18th-century theatre in New York City

John Street Theatre, situated at 15–21 John Street, sometimes called "The Birthplace of American Theatre", was the first permanent theatre in the Financial District of Manhattan, New York. It opened on December 7, 1767, and was operated for several decades by the American Company. It closed on January 13, 1798.

==History==
=== Construction and opening ===

Two figures in Roman costume, on stage; eighteenth-century audience in foreground. Scribbling, including date 1791, on wall on each side.

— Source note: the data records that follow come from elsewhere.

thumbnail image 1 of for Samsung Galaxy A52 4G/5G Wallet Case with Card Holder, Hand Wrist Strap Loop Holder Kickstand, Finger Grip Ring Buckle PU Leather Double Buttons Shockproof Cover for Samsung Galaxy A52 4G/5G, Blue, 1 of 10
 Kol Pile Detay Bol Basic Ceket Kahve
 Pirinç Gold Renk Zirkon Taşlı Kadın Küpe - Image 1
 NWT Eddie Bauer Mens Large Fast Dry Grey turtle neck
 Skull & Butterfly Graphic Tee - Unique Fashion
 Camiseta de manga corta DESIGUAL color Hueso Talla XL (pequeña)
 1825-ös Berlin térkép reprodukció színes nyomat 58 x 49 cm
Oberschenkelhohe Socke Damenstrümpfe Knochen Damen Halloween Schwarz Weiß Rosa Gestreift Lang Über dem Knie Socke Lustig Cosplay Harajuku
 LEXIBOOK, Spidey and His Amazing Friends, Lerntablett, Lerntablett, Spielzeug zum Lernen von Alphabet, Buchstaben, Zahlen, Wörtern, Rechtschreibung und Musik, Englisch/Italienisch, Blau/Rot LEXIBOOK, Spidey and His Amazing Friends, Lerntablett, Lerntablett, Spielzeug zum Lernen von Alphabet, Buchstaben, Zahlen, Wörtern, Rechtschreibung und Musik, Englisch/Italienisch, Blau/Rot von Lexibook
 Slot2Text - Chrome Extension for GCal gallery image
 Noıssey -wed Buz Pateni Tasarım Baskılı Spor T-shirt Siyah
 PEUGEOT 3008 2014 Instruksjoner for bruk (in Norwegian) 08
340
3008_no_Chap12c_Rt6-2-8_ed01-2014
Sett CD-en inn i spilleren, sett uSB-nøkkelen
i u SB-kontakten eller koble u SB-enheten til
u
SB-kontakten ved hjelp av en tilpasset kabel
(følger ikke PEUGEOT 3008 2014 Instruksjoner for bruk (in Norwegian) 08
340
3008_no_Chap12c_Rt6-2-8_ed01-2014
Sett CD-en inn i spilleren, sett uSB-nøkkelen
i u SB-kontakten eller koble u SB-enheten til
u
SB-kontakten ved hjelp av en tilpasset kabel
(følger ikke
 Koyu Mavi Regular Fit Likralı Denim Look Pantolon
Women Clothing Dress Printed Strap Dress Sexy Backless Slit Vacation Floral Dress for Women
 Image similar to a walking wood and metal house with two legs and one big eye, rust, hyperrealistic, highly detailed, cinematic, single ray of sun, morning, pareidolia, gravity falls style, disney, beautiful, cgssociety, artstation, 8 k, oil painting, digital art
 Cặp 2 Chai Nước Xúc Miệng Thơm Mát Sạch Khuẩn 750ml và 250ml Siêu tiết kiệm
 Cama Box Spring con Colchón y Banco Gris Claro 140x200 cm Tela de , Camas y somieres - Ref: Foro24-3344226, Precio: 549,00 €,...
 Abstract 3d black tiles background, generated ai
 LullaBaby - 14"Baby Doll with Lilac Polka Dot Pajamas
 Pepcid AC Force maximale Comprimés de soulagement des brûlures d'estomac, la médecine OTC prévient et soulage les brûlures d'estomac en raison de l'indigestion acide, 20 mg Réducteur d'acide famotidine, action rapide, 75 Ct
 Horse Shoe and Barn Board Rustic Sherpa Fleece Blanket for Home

Interior of the old John St.

The theatre was built by David Douglass (c. 1720 – 1786), an English actor who had emigrated to Jamaica in about 1750. There he met Lewis Hallam, leader of a touring theatrical company, and, after Hallam's death, married his widow, Sarah Hallam. The newly married pair formed the American Company from Hallam's old company and toured the United States performing and, if it was necessary, erecting theatres, across America. Douglass had built two temporary theatres in New York - on Cruger's Wharf and on Beekman Street - but his third New York theatre, the John Street Theatre, was the city's first permanent playhouse.

The John Street Theatre was modelled after Douglass's own Southwark Theatre in Philadelphia, the first permanent theatre in the United States, which was itself modelled on the theatres of London. No pictures survive of the building's exterior. Dunlap described it as "principally of wood, an unsightly object, painted red". It was set 60 feet back from the street, with a wooden covered walkway from the pavement to the doors. Inside, it had two tiers of boxes, a pit and a gallery. The dressing rooms and green room were located in a neighbouring shed, although Dunlap speculates that these were originally under the stage. Its seating capacity was approximately 750.

John Street opened on December 7, 1767, with a production of The Beaux' Stratagem, and for 31 years was the only theatre in Manhattan.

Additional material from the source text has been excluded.